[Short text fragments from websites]
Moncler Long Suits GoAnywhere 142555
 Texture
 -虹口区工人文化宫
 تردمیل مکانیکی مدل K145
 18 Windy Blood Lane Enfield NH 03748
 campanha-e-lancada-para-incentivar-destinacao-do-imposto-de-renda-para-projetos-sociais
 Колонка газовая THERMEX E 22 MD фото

## THE TASK
Set down the entries again, exactly as they stand above.

## ANSWER SECTION
Moncler Long Suits GoAnywhere 142555
 Texture
 -虹口区工人文化宫
 تردمیل مکانیکی مدل K145
 18 Windy Blood Lane Enfield NH 03748
 campanha-e-lancada-para-incentivar-destinacao-do-imposto-de-renda-para-projetos-sociais
 Колонка газовая THERMEX E 22 MD фото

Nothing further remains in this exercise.